12.10.2022 | Stand 12.10.2022, 17:42 Uhr

Pascal Brungs - Pascal Brungs, angehende Fachkraft für Lagerlogistik bei der Firma Gilog, möchte sich mit seiner Doppelqualifikation ein gutes Sprungbrett für seine künftige Karriere verschaffen. - Foto: Henning Kaiser/dpa-tmn

Die Mittlere Reife in der Tasche - und jetzt? Was viele nicht wissen: In 9 von 16 Bundesländern ist eine Doppelqualifikation möglich - Ausbildung plus (Fach-)Abitur. Ein Weg, den Pascal Brungs geht.

Eine Ausbildung beginnen oder weiter zur Schule gehen und das (Fach-)Abitur machen? Eine Frage, die sich nach der zehnten Klasse und damit der Mittleren Reife viele junge Leute stellen. Pascal Brungs hat seine Wahl getroffen: Er macht beides.

Der 22-Jährige absolviert eine dreijährige Ausbildung zur Fachkraft für Lagerlogistik bei der Firma Gilog in Frechen (Nordrhein-Westfalen) und will parallel dazu die Fachhochschulreife erwerben.

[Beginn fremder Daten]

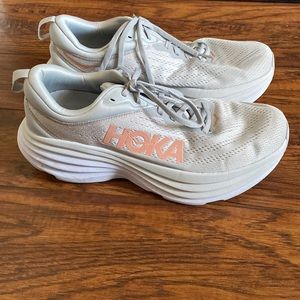 Hoka Bondi 8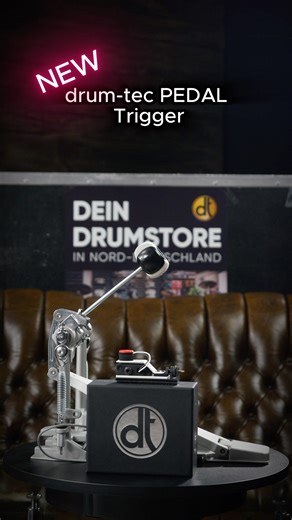 🔥 Meet the drum-tec Whomper Stomper – Next Level Pedal Triggering! 🔥 The Whomper Stomper is our pedal trigger built to keep up with today’s generation of high-performance bass drum pedals. Designed for maximum precision and durability, it ensures rock-solid triggering no matter how fast or heavy your playing gets. 💡 Why drummers love it: ✅ Ultra-reliable triggering ✅ Perfectly compatible with modern double & single pedals ✅ Built to withstand extreme playing styles ✅ Compact design – easy to 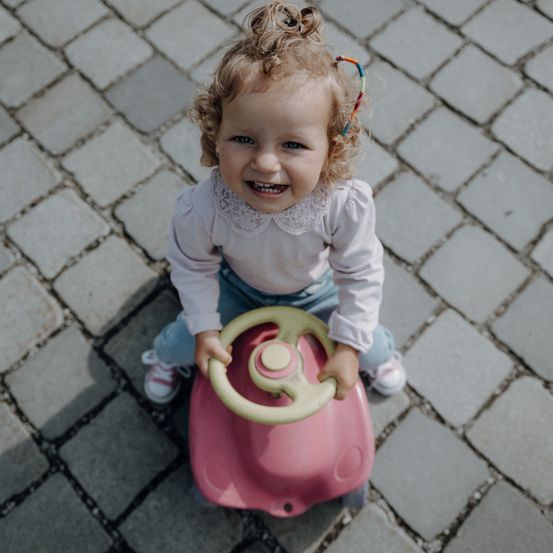 Bild enthält, Face, Head, Person, Photography, Portrait, Happy, Indoors, Smile, Path, Walkway
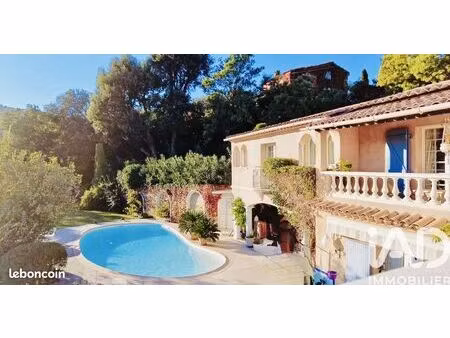 maison 7 pièces 231 m²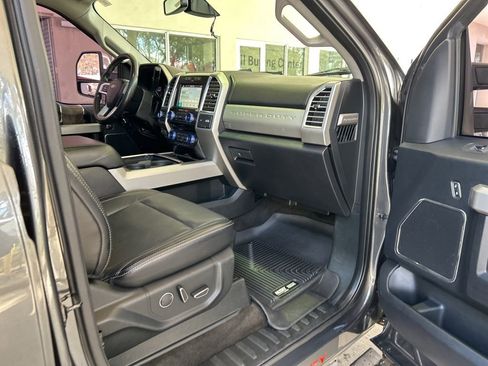 Used 2017 Ford F250 Lariat w/ Lariat Ultimate Package image 26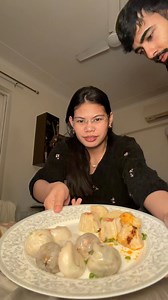 Lakas ng trip ng asawa ko. Bumili ng apat na klase (flavors) ng CHILI OIL kasi favorite ko daw, tapos gusto niya tikman ko lahat ng sabay sabay at sabihin sknya ano pinaka masarap para yun nalang bibilhin niya next time. 🤣 Here am I trying all of it at 3AM 😂😭 | Pavan & Yean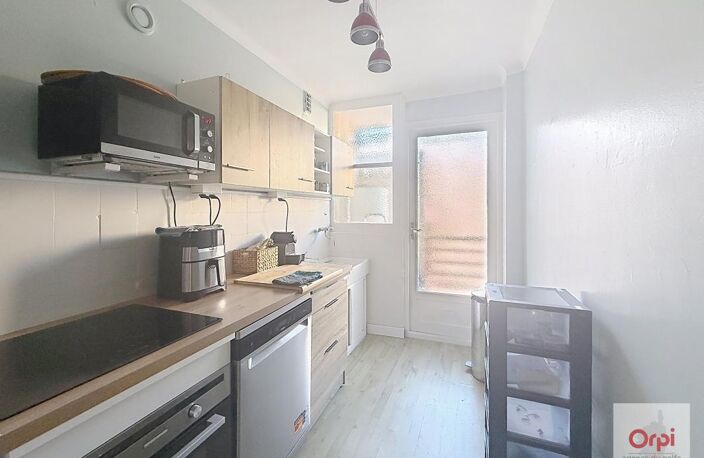 Appartement À Louer — photo 4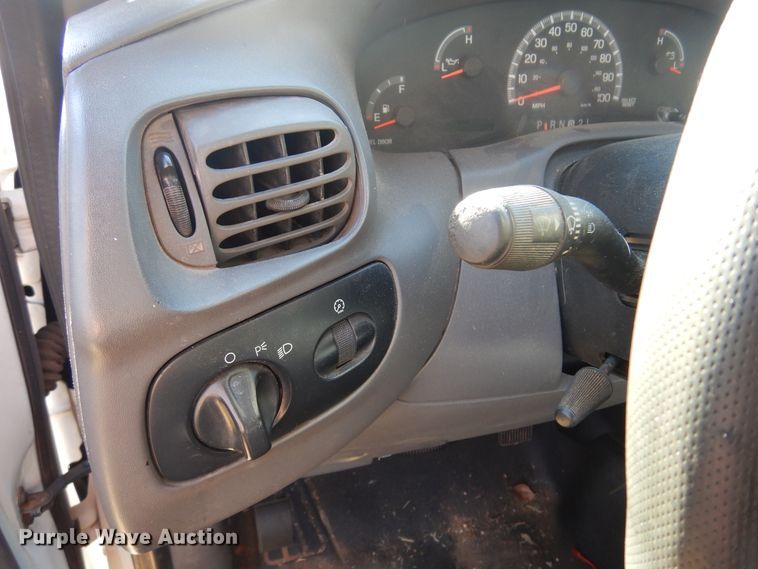 image for item JJ9817 2002 Ford F150  SuperCab pickup truck cab and chassis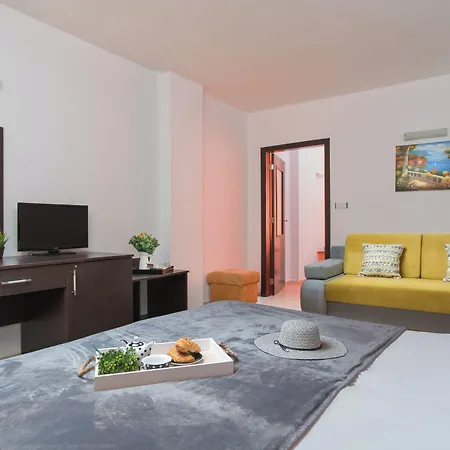 Tia Maria Is Situated In The Southern Part Of The Sunny Къща за гости 3*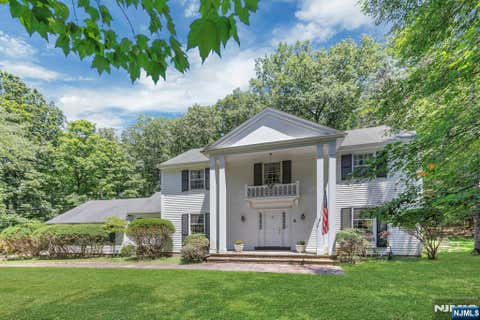 Photo of 621 Winding Hollow Drive, Franklin Lakes, NJ 07417 (MLS # 26019001)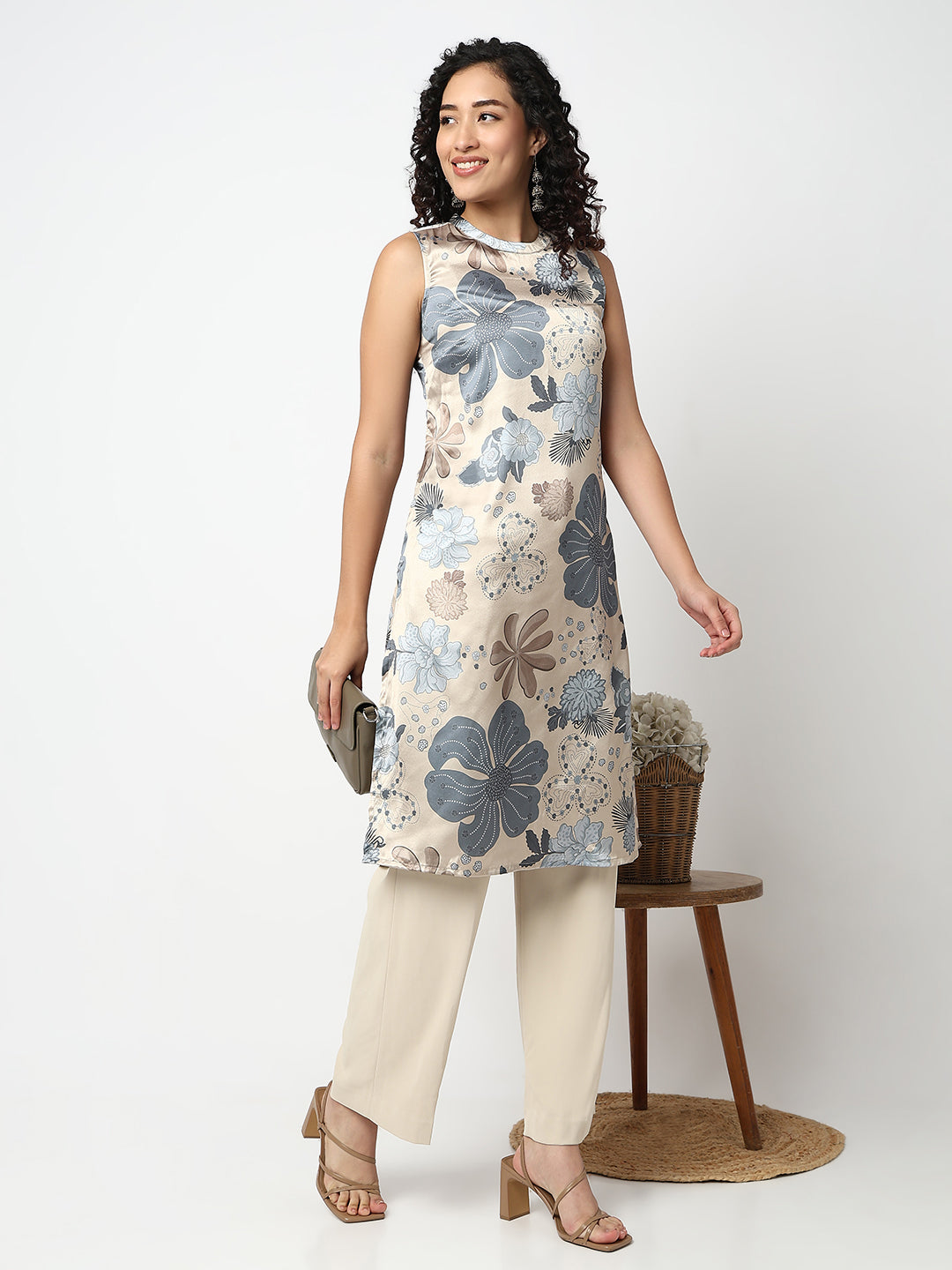 Nylangan Printed Straight Sleeveless Kurta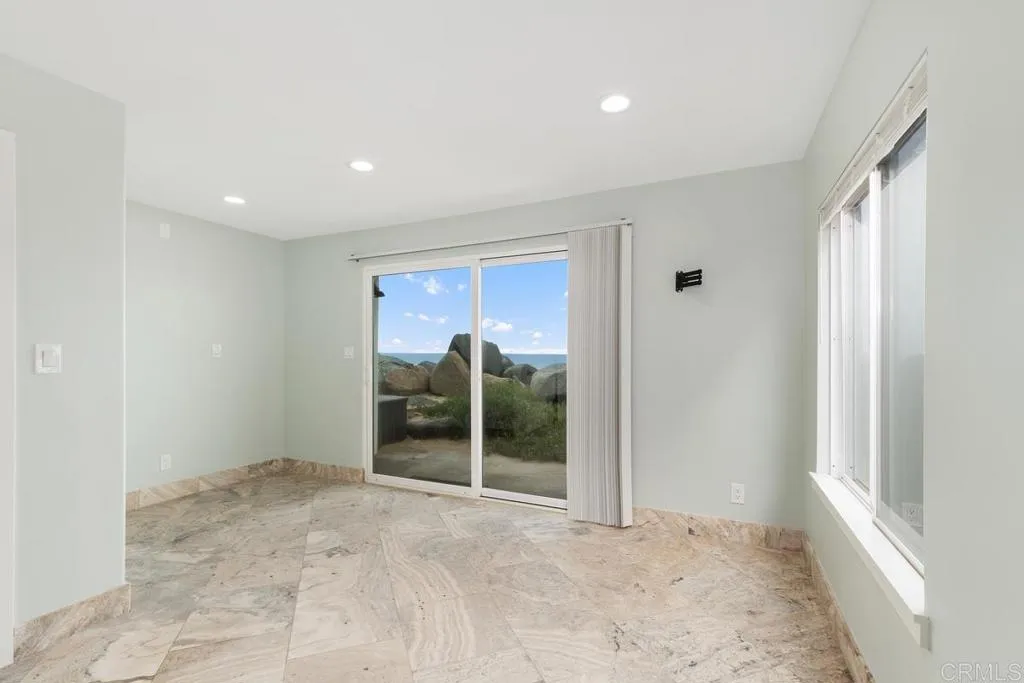 1360 Seacoast Drive Unit B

Die Doppelqualifikation als Sprungbrett

Was heißt: Nach der Arbeit steht noch einmal Lernen auf dem Programm. «Klar, das ist manchmal alles ein bisschen anstrengend», sagt Pascal Brungs. Doch der zeitliche Aufwand, den er derzeit für einen gelungenen Einstieg ins Berufsleben investiert, wird sich eines Tages bezahlt machen, davon ist er überzeugt: «Mit der Doppelqualifikation verschaffe ich mir ein gutes Sprungbrett, um eines Tages auf der Karriereleiter möglichst weit oben zu landen.»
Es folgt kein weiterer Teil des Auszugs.